俺は横に転がって魔力の光線を避ける。壁に二つ目の大穴が開いたよ。
「――喰い千切れ! 蛇蝎剣!」
その声が聞こえた瞬間、俺は咄嗟に背後で日本刀を立てた。
ガリン! と金属を引っ掻くような嫌な音が響く。案の定、刃が連接したムカデのような剣が伸びていたよ。
「出たな、魔王武具!」
「切り刻まれろやぁ!」
フィア・ザ・スコルピが右手に握った柄を一振りするだけで、蛇蝎の連接剣はくねくねと不規則に動いて俺の死角から襲いかかる。
速い。だが、その剣筋は一度見たからな。どこから来るかなんて予想できる。というか、死角を狙って来るのならそこに剣を生成して立てておけばいい。

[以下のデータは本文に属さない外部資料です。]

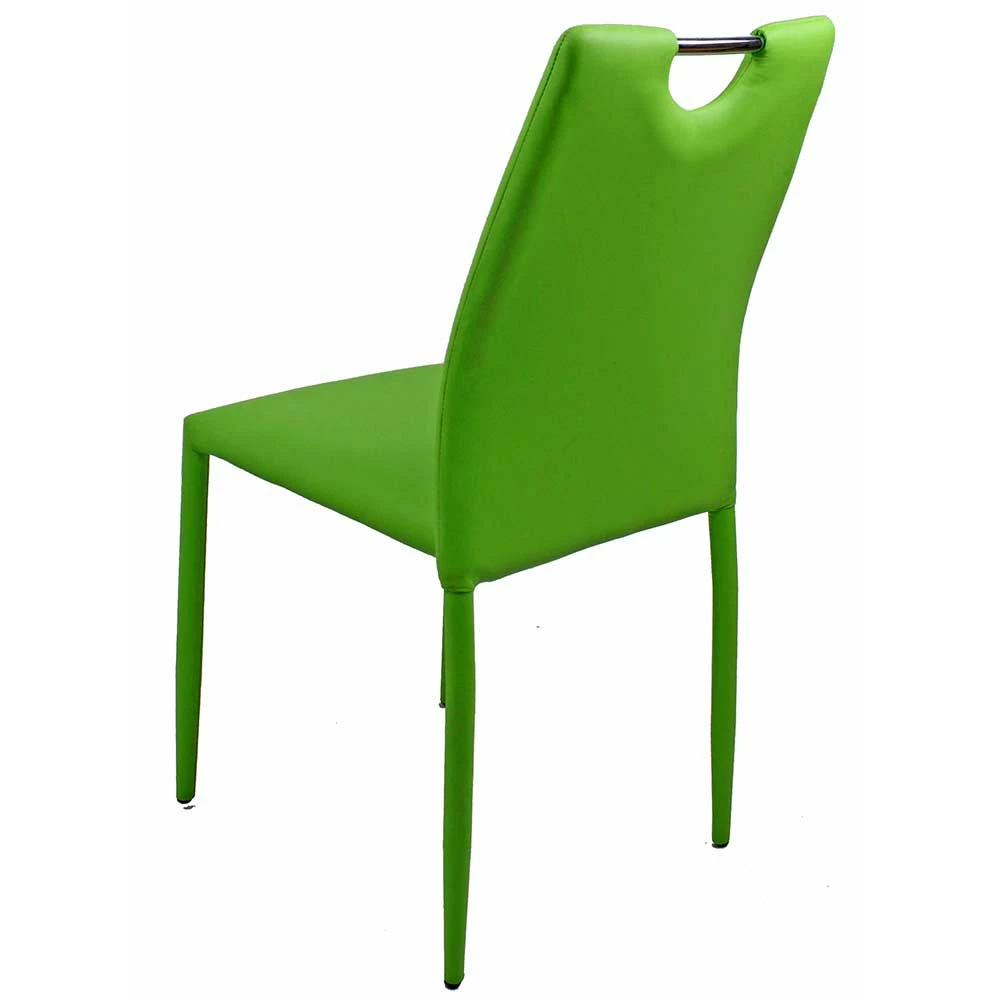 Esszimmer Stapelstühle In Grün - Andre (4er Set) - Image 3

「待てやコラァ。てめえ、こいつは初見のはずだろぉ? 仮に『現夢』から聞いてたとしても完璧に対処できるわけがねぇ」
「俺は『千の剣』なんだろ? 剣が通用するとでも?」
本当は予習していたからなんだけど、そう言った方が相手を怯ませられそうだ。
「チッ、まあいい。伸びてうねるだけがオレ様の〈蛇蝎剣〉じゃねぇ」
フィア・ザ・スコルピは伸ばした剣身を手元に戻すと、今度は頭上に向かって蛇蝎の剣を突き出したぞ。天井でも破壊するつもりなのかと思ったが、違う。伸びた刃の先がカチリとなにかに嵌り込んだ。
瞬間、ぶわっと。
藍色の霧がそこら中から噴き出しやがった。
「なっ!? なんだこれ!? 毒ガスか!?」
咄嗟に口を塞ぐが、もう吸っちまった。思わず膝をついてしまう。
「ククク、オレ様の艦――次空艦〈スコーピオン〉は〈蛇蝎剣〉と連結することで様々なギミックを発動できるんだぁ。わざわざ敵地に乗り込んで来たんだぁ。オレ様の土俵で戦っても文句はねえだろぉ?」
カチリカチリ。次々となにかが起動する音が響く。毒ガスだけじゃないぞ。毒光線が飛んできたり、酸の雨が降り注いだり、足下が溶けたり、蜘蛛の糸が絡まってきたり。もしかして四害蟲の技までギミックにしてやがるのか!
大楯を複数生成して一人テストゥド――密接した隊列で盾を前方上方に掲げるローマ軍の歩兵戦術だ――の体勢を取ることでどうにか凌いでいるが、確実に俺を殺しに来てやがる。ゲームだったらクソゲーだぞ!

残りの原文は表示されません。